Soroti Dugaan Intervensi Tender

Dalam pernyataan sikapnya, massa aksi menyampaikan dugaan adanya upaya intervensi terhadap proses tender pengadaan meubelair sekolah yang diduga melibatkan sejumlah oknum berinisial AS bersama pihak-pihak tertentu di lingkungan Dinas Pendidikan Sumatera Utara.

Mereka menduga proses pengadaan yang semestinya berjalan secara terbuka, transparan, dan kompetitif justru diduga diarahkan untuk menguntungkan pihak tertentu. Massa juga mempertanyakan banyaknya paket pengadaan yang mengalami tender ulang dan meminta aparat penegak hukum menelusuri penyebab sebenarnya di balik kondisi tersebut.

Menurut massa aksi, apabila dugaan tersebut benar, maka praktik tersebut berpotensi mencederai prinsip tata kelola pemerintahan yang bersih dan akuntabel serta dapat merugikan kepentingan dunia pendidikan.

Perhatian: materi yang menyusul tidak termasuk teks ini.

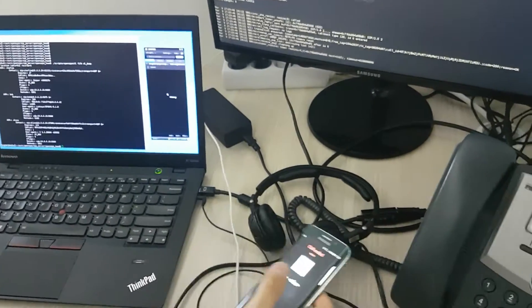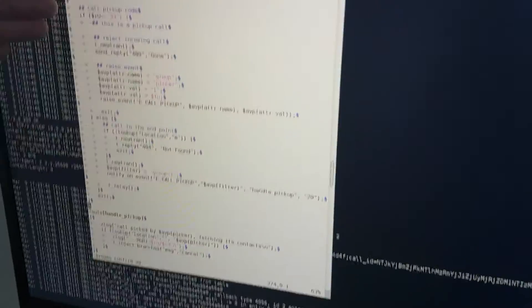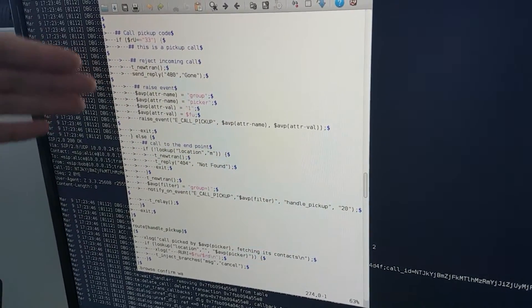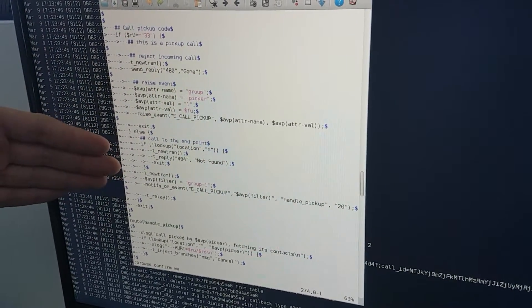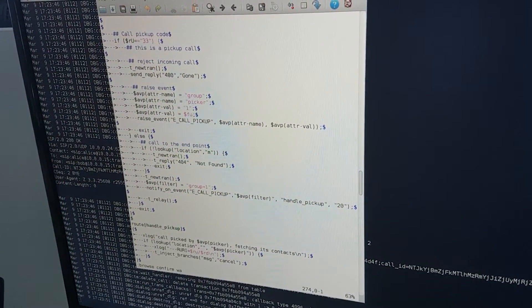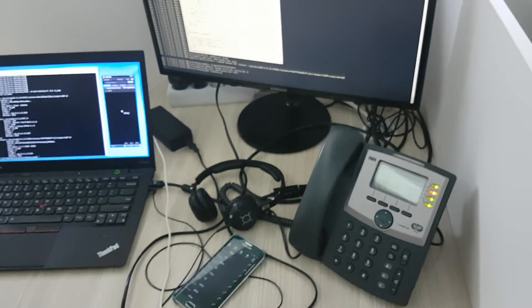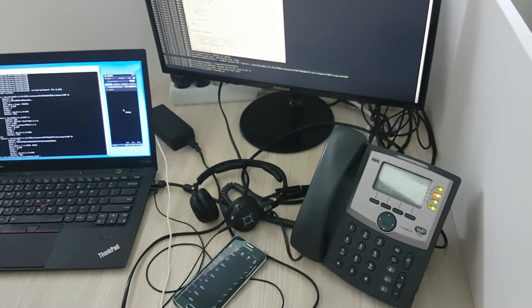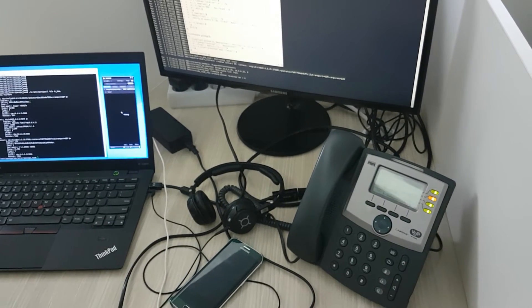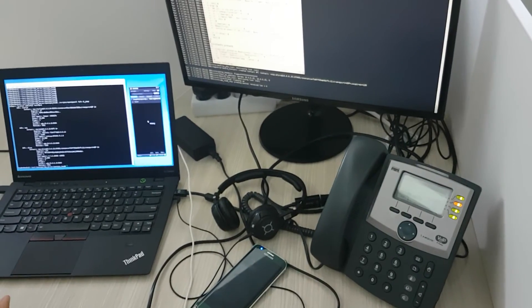Let me show you some script. It's quite simple — we have the part taking care of the call pickup itself, and here the routing of a regular call to a user where we just register to receive the event about the pickup. All this will be explained in more detail in the interactive demo sessions during the OpenSIPS Summit in Amsterdam in the beginning of May. We are waiting for you there.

Nama Oknum Jaksa Ikut Disorot

Tidak hanya itu, demonstran juga menyoroti dugaan keterlibatan seorang oknum yang disebut berinisial FG, yang menurut mereka menjabat sebagai kepala seksi di lingkungan Kejaksaan Tinggi Sumatera Utara.

Dalam orasinya, massa meminta agar dugaan tersebut tidak diabaikan dan dilakukan pemeriksaan secara objektif, profesional, dan independen guna memastikan ada atau tidaknya keterlibatan pihak-pihak yang disebut dalam berbagai informasi yang berkembang.

Selain FG, massa juga meminta aparat melakukan pendalaman terhadap pihak-pihak berinisial AS, AD, DV, dan AY yang disebut dalam tuntutan aksi sebagai pihak yang diduga memiliki keterkaitan dengan persoalan yang mereka laporkan.

Dugaan Titipan Jabatan Ikut Mengemuka

Dalam aksi tersebut, para demonstran juga mengangkat isu dugaan intervensi terhadap proses penempatan dan pengangkatan sejumlah pejabat di lingkungan Dinas Pendidikan Sumatera Utara.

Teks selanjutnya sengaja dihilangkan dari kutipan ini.